Contractual obligations
As an initial matter, “service providers” that are about to become third parties will need to rethink the contracts under which they receive data from a “business.” The CPRA obligates “businesses” and “third parties” to enter into written agreements with terms that, while not as restrictive as those governing “service providers,” subject “third parties” to contractual limitations and oversight by the disclosing “business.”
This essentially imposes a “Data Processing Agreement” or “DPA” requirement on third parties. Plus, it places “third parties” in the somewhat disadvantageous position of being unable to enjoy exemption from certain statutory obligations and liabilities as a “service provider,” while also not having the full range of options afforded to a “business.”
Specific obligations as a third party
Although most CCPA/CPRA requirements apply to “businesses” generally, there are a few provisions that specifically refer to “third parties.”
Some of these provisions clarify when and how “third parties” should provide consumers with privacy disclosures. For example, the CPRA explains that a business “acting as a third party” that controls the collection of consumers’ personal information may satisfy these obligations “by providing the required information prominently and conspicuously on the homepage of its internet website.”

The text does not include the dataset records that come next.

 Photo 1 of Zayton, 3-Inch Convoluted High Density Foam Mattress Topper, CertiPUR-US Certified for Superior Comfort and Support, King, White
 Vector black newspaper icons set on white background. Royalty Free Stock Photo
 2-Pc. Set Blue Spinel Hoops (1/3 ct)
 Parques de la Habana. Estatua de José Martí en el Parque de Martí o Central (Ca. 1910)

Additionally, unless consumers have “received explicit notice” and are given “an opportunity to exercise the right to opt out,” the CPRA prohibits a third party from selling or sharing personal information that a business has disclosed to it. This language suggests not only that “third parties” share a responsibility to provide the necessary privacy notices, but that they also may be liable for failing to do so.
Finally, the wording of the regulations suggests that “third parties” may be directly liable under the CCPA/CPRA for not having an appropriate contract in place or even for failing to honor the terms of such a contract.

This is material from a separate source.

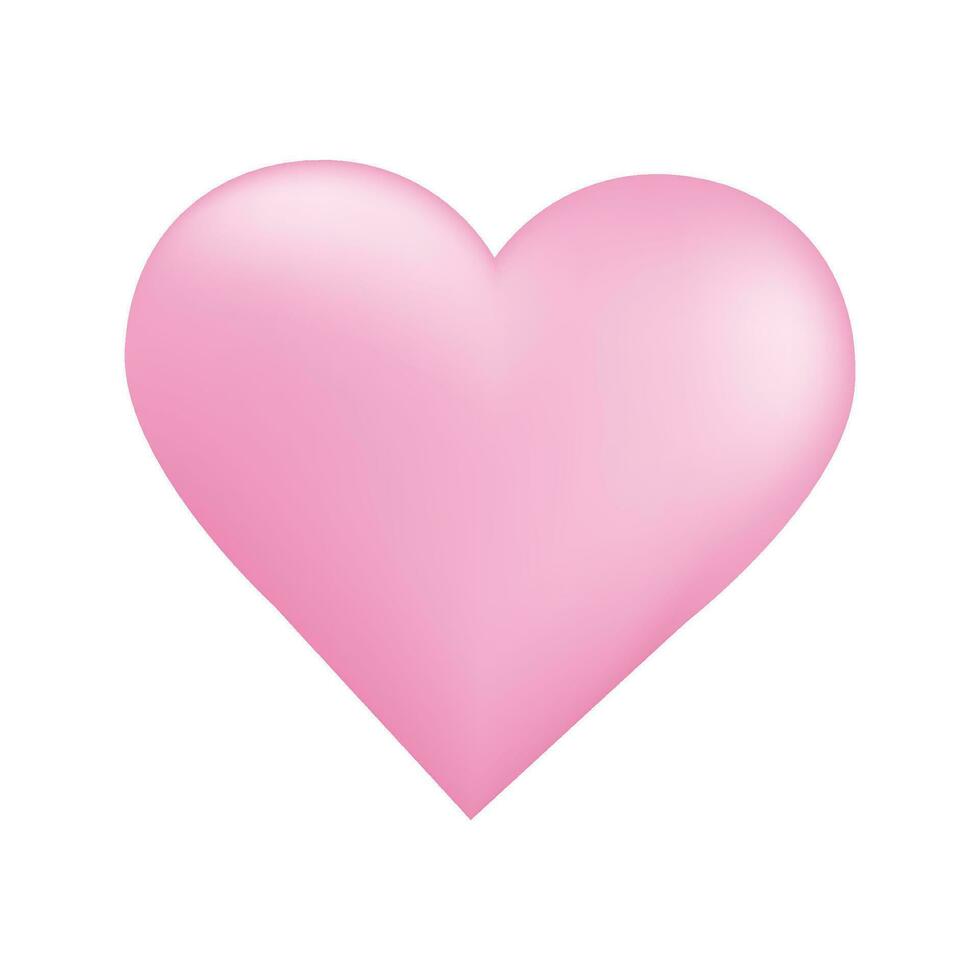 Vector pink heart icon isolated item on white background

Requirements for businesses
Companies that are “third parties” under the CCPA/CPRA by virtue of no longer meeting the criteria of a “service provider” may be treated as “businesses” in many cases. However, the CCPA/CPRA has threshold standards for determining whether a company is a “business.” Namely, a “business” must meet one of the following criteria:
- Have had annual gross revenues in excess of $25 million in the preceding calendar year;
- Annually buy, sell or share the personal information of 100,000 or more consumers or households; or
- Derive 50% or more of its annual revenues from selling or sharing consumers’ personal information.
Accordingly, if a company receiving personal information as a “third party” does not meet one of these three factors, it will not be treated as a “business.” Moreover, there may be circumstances where, despite meeting the above criteria, the “third party” is not a “business” because its contract with the disclosing entity prohibits it from determining “the purposes and means of the processing.”
The takeaway
Changing status from “service provider” to “third party” does not automatically subject a company to the full range of CCPA/CPRA “business” obligations.
However, if an entity receiving personal information meets the “business” standard, it must be prepared to provide a notice at collection, facilitate consumer rights requests and satisfy other statutory requirements as a “business.”